I’ve been looking into Nuke, Fusion and Resolve lately as part of my continuous effort to diversify away from Adobe products. This was done as part of a simple compositing and editing exercise. Which is why it’s so rough.
The scans are basic iPhone scans done with Heges and brought into Max with virtually no modifications. This was all rendered in FStorm, using the direct light kernel to keep render times under 1 minute per frame. The soundtrack was put together directly in Resolve.
@JinHao yes, it was all taken with the phone (me scanning myself mainly). The phone only scans a small portion of the face at a time so small movements are not as much of a problem as with photogrammetry. Of course it helps if you stay relatively still.
Both V-Ray and FStorm are extremely realistic. It’s hard to tell which is better really. I have encountered problems using SSS with V-Ray GPU and the light cache, but altogether I love using both renderers and their respective strengths.

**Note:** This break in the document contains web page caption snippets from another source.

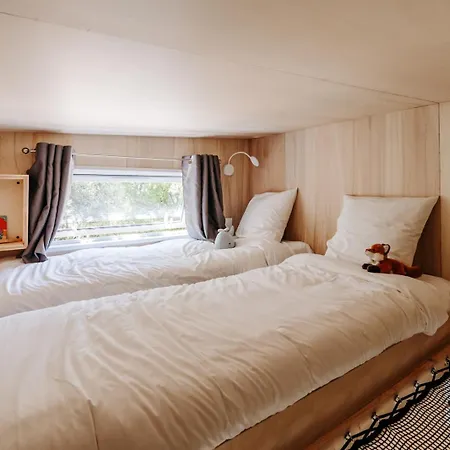 Slow Village Anduze 3*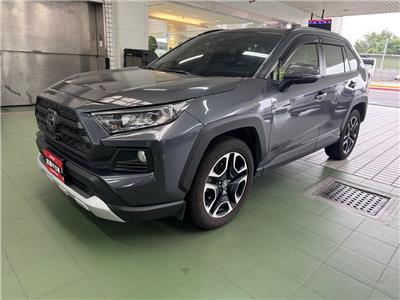 RAV4 2.0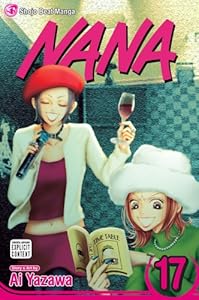 Nana, Vol. 17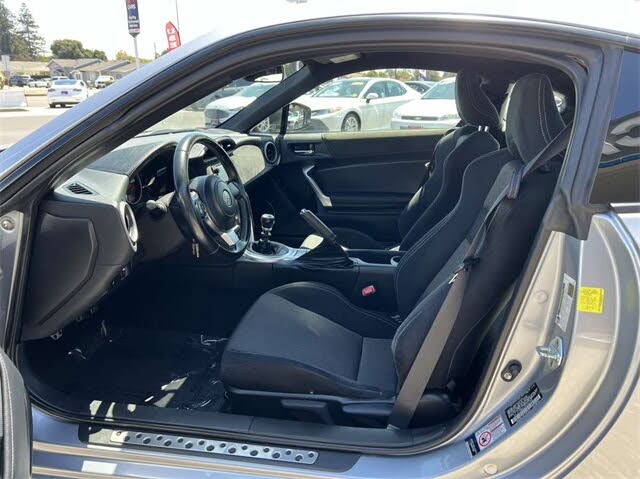 2017 Toyota 86 860 Special Edition for sale in Fremont, CA – photo 12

Are those scans with the expressions on them taken using only an iphone? I would’ve initially thought this would not turn out good, since the folks getting scanned would’ve had to hold their expressions and poses for at least 2-3 minutes without movement. I’m curious to know how fast were you able to scan a posed person in an expression only using one iphone, and the quality outputted?

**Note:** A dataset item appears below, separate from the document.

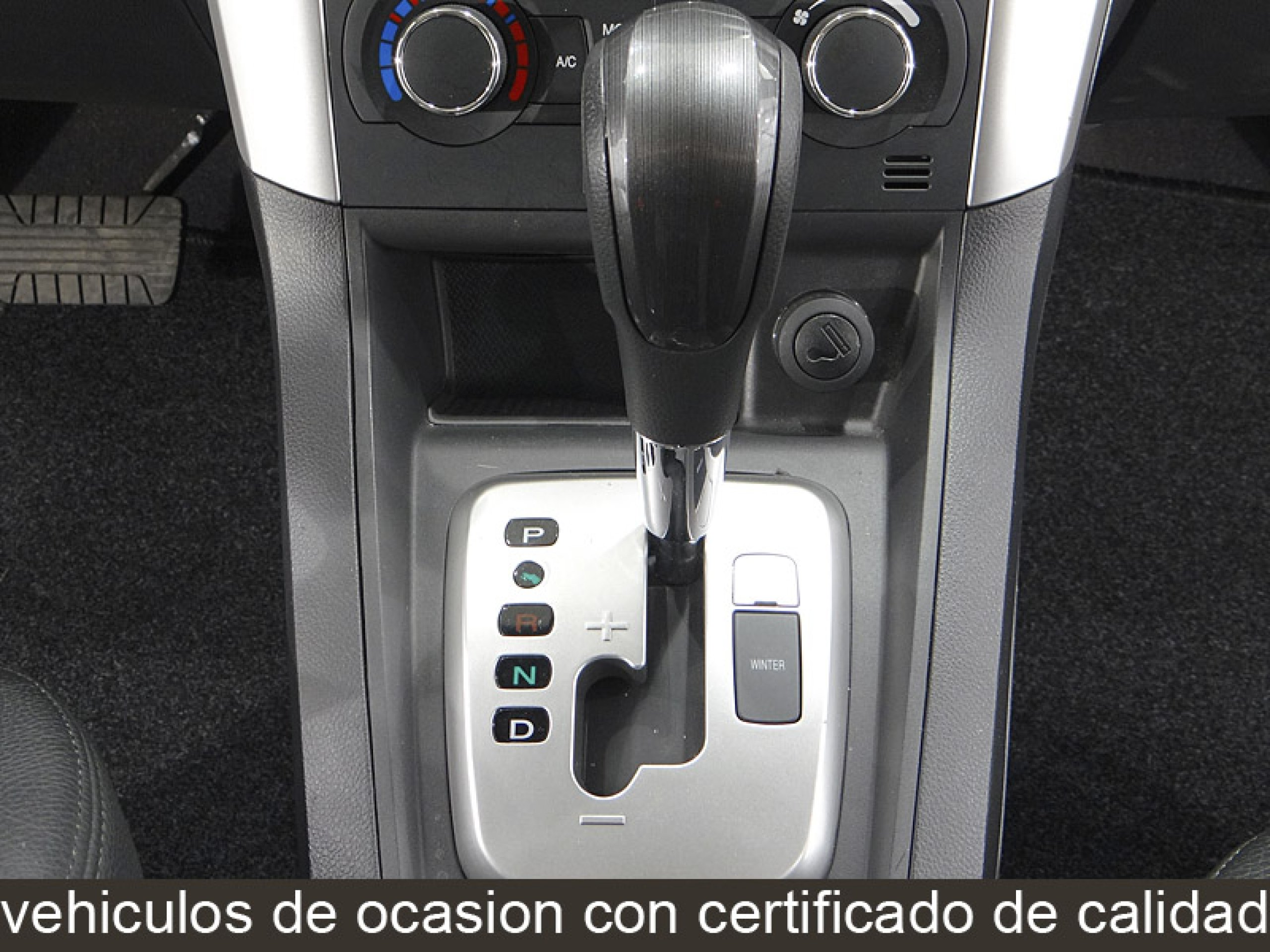 Foto Chevrolet Captiva 35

Also what renderer would you think is best for photorealism, vray or fstorm? Especially for translucent materials involving really hi quality sss, like for example, insects.

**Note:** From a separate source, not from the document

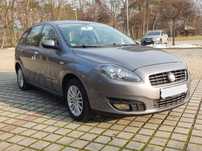 Fiat Croma 2.2 16V benzyna Dynamic  z Niemiec idealny!!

Looking forward to your response.
@Walter Yes. I’m one of the little girls. But which one is the question!
@Giorgio Regarding Allegorithmic, I want to give them the benefit of the doubt. Of course, experience has shown that many acquisitions end up destroying the target company’s product (perhaps because in many cases they are intended primarily to remove competitors). Another concern for me would be a move to the rental-only model, which is as good for a company’s shareholder as it is disadvantageous to the customer. I would no longer be able to use Substance if that were to happen.
Hard to tell between Nuke and Fusion. The free version of Nuke has more features than the free version of Fusion. But the paid version of Fusion is vastly more affordable than the paid version of Nuke. So in the end, it may make more sense to learn Fusion. I haven’t used them enough (especially Fusion) to say whether there are huge differences in capacity between the two. I like Resolve a lot but I’ve found it to be pretty crash-prone.
It reminds me a little of the comparison between Affinity Photo and Photoshop. One is very affordable, the other very expensive, but their feature sets are pretty much identical and I would say the two are largely comparable. So why would you want to rent one when you can own the other for a fraction of the cost? A no-brainer to me.
What do you think about Allegorithmic as part of Adobe family?
Definitely what is your choice between Nuke and Fusion?